Does anyone have literally no friends?

I have no friends. Everyone I used to hang out with we gradually became more and more distant with each other after high-school.

My first year of college 4 years ago, I was very eager to make new friends and expand my social circle/network. I was tired of being the quiet weird loner kid in the back of the classroom who sits alone at lunch. I was very awkward (still am), a bit socially anxious (still am), and had low self esteem (still do). I would go sit with random people that looked fun to talk to in the cafes and cafeterias, attempting to develop a meaningful human connection. Most people just wanted me to disappear. I went to a lot of college events, even though I secretly disliked them a lot. I was known as "that outgoing but awkward dude." I got annoyed because no matter what I did I couldn't shake off the awkward bit and just be the outgoing dude. I should of kept going, at least I was being noticed and talked about. I got terrible grades, stopped going to class, got a bit depressed (still am), and was academically dismissed with a GPA of 1.3. I'm back at college and struggling wake up every morning and gather enough energy to do my homework much less get social.
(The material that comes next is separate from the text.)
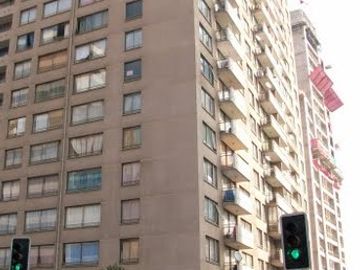 Excelente Departamento 2 Ambientes, Santiago Centro , Oportu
I like your take on it. I can relate. Why try to change myself? Why try to pretend to be the social butterfly I am not? Why should I feel bad for being quiet? Why should I feel bad for being reserved? Why should I try to make friends? Why should I try in any social situation? Fuck them, I should decisively not try. I should un-apologetically be myself. Fuck their opinions. Fuck them. And this is what I did after being academically dismissed 2 years ago, I stopped trying to be social. And just like you I've found it only made me more lonely and indifferent. Its real fucking stupid, I can either try to be social and pretend to be someone I'm not (with a fake it till you make it mindset) and be consistently pushed away by people who just want to be left alone. Or I can not give a fuck and sit quietly in the corner again and observe everything happening around of me that I am not and cannot be a part of. It feels bad man.